▶ **Task directions**
Transcribe the data that follows in full. Leave out the pictures.

▶ **Available data**
##############################
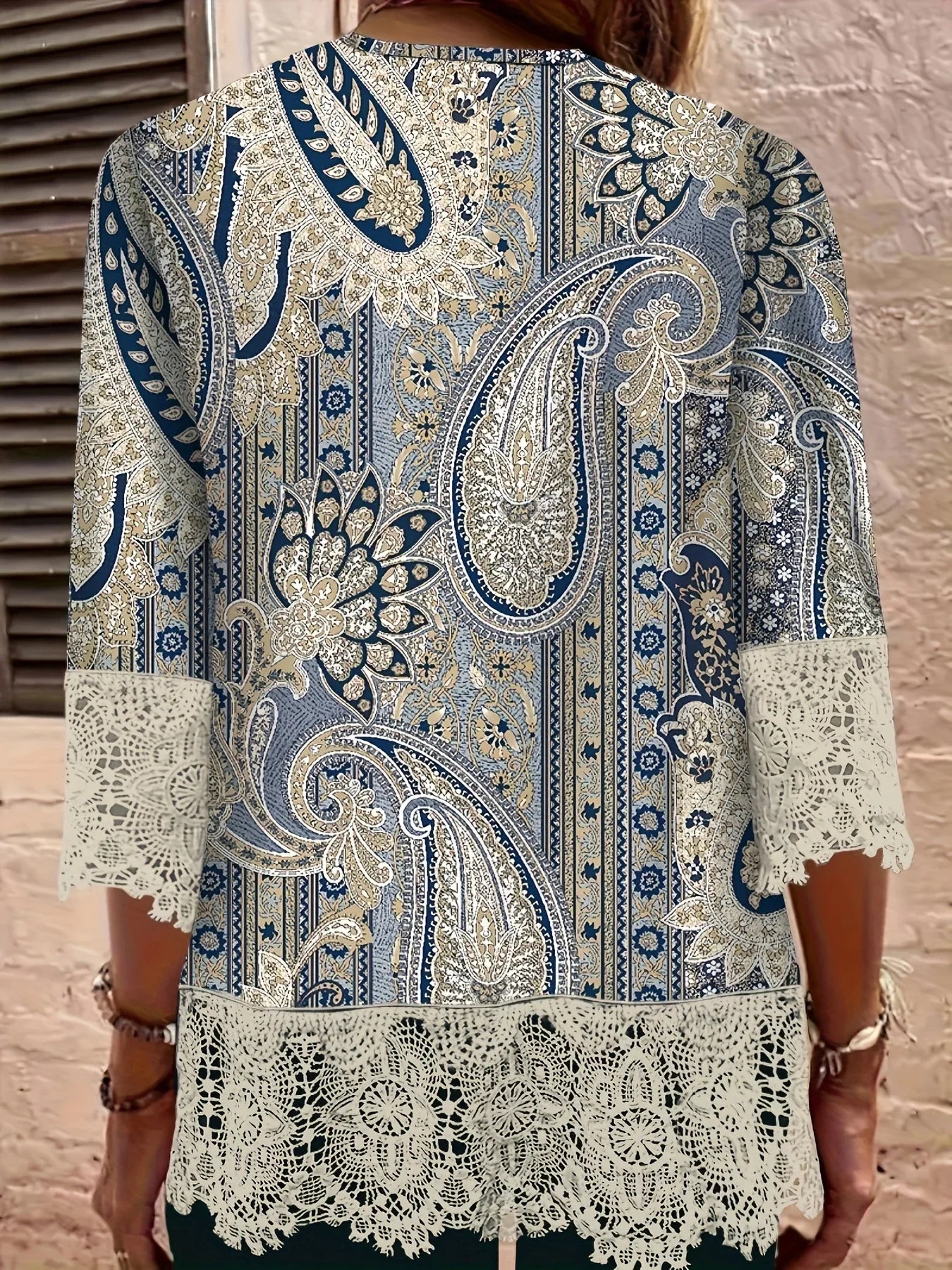 Elegant Printed Long Sleeve Casual Loose Fit Shirt for Women Stylish Temperament Top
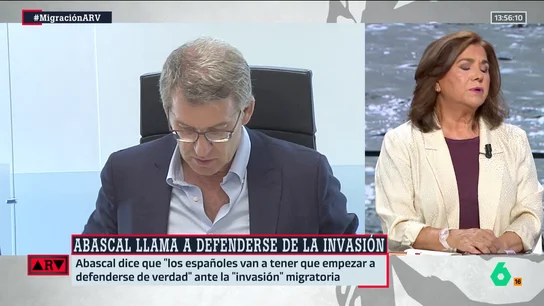 Lucía Méndez critica las palabras de Feijóo sobre la migración: "Está haciendo política de 'tuit' y de la peor" Lucía Méndez critica las palabras de Feijóo sobre la migración: "Está haciendo política de 'tuit' y de la peor"
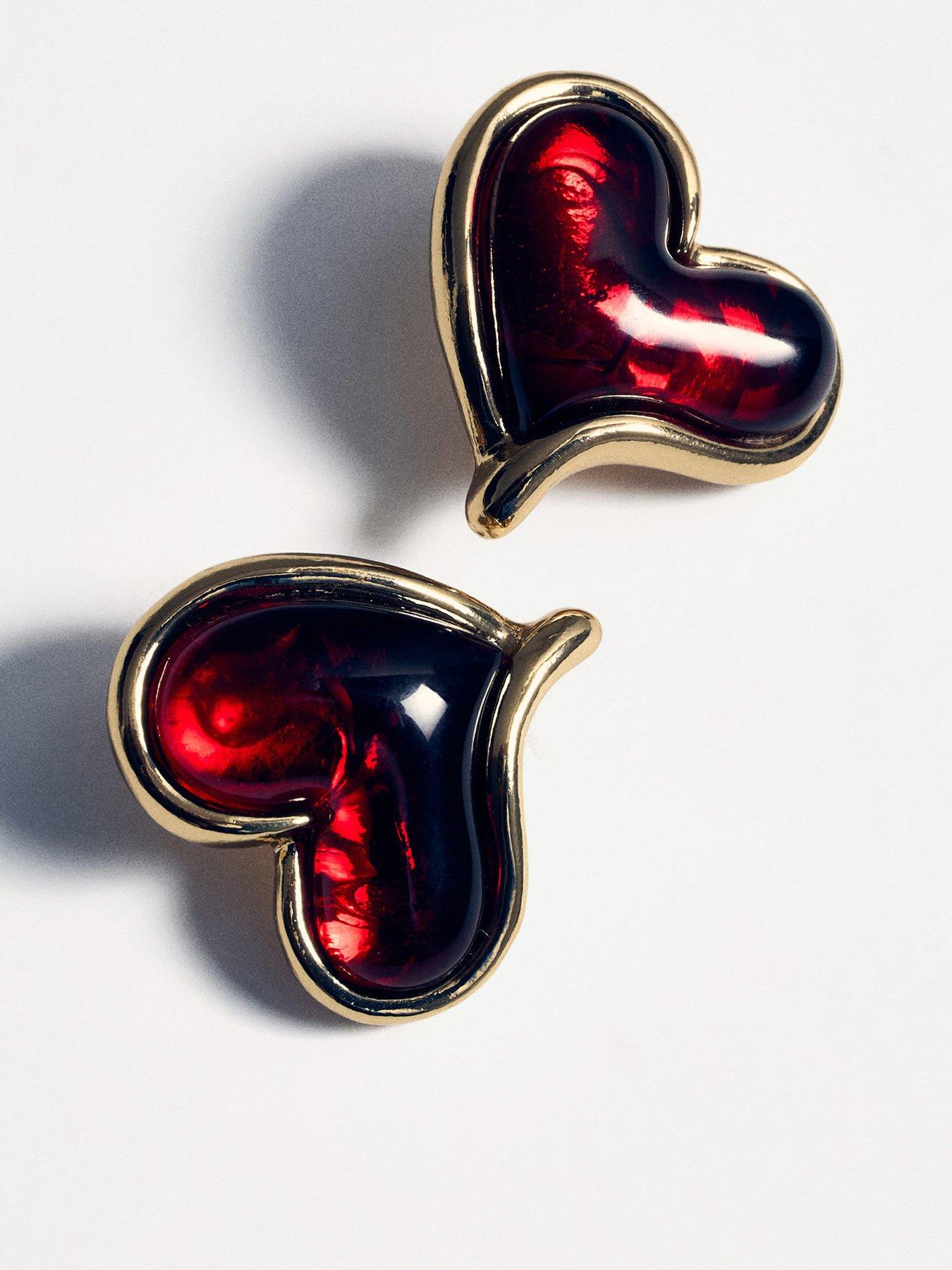 mango-heart-earrings-red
##############################
▶ **Output of the exercise**
 Elegant Printed Long Sleeve Casual Loose Fit Shirt for Women Stylish Temperament Top
 Lucía Méndez critica las palabras de Feijóo sobre la migración: "Está haciendo política de 'tuit' y de la peor" Lucía Méndez critica las palabras de Feijóo sobre la migración: "Está haciendo política de 'tuit' y de la peor"
 mango-heart-earrings-red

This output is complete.